### [Problem statement]
Nothing outside the range below should be printed. Output exactly the lines from the line with "Jan Vestergaard. Foto: LOF." to the line with "Ao Ashi [ALL CHAPTERS] Chapter 346 14", both included.

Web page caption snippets
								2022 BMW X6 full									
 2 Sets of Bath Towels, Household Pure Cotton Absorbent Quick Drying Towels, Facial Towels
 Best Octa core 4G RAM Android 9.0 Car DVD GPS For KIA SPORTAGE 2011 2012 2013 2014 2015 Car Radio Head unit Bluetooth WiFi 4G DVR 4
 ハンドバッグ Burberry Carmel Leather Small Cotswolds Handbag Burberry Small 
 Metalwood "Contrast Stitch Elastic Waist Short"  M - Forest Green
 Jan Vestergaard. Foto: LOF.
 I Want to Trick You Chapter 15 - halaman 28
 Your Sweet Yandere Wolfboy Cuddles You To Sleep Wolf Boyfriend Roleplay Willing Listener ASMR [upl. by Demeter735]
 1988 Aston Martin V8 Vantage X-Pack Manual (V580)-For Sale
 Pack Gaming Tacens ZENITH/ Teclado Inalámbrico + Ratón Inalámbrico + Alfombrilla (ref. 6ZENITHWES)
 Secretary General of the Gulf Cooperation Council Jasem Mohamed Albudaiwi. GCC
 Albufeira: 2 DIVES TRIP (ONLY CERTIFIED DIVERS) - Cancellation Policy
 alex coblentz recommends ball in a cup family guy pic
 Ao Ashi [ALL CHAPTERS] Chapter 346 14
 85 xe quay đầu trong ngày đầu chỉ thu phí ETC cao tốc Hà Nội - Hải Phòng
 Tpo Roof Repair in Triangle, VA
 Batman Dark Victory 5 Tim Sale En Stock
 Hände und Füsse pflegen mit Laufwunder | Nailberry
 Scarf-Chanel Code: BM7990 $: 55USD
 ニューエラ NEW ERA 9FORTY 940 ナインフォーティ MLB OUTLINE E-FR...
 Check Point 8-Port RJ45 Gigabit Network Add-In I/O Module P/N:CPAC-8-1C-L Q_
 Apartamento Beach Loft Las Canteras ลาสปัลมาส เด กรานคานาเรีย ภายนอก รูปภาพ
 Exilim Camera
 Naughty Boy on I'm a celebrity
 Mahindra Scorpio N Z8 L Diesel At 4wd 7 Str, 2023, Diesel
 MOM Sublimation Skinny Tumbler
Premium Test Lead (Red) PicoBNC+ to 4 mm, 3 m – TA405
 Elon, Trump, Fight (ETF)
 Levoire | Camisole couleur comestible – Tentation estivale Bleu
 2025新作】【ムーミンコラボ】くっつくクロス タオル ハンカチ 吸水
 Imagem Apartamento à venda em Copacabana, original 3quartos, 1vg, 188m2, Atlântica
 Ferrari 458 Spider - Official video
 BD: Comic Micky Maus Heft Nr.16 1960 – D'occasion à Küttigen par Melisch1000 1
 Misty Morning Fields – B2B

### [Solved exercise]
 Jan Vestergaard. Foto: LOF.
 I Want to Trick You Chapter 15 - halaman 28
 Your Sweet Yandere Wolfboy Cuddles You To Sleep Wolf Boyfriend Roleplay Willing Listener ASMR [upl. by Demeter735]
 1988 Aston Martin V8 Vantage X-Pack Manual (V580)-For Sale
 Pack Gaming Tacens ZENITH/ Teclado Inalámbrico + Ratón Inalámbrico + Alfombrilla (ref. 6ZENITHWES)
 Secretary General of the Gulf Cooperation Council Jasem Mohamed Albudaiwi. GCC
 Albufeira: 2 DIVES TRIP (ONLY CERTIFIED DIVERS) - Cancellation Policy
 alex coblentz recommends ball in a cup family guy pic
 Ao Ashi [ALL CHAPTERS] Chapter 346 14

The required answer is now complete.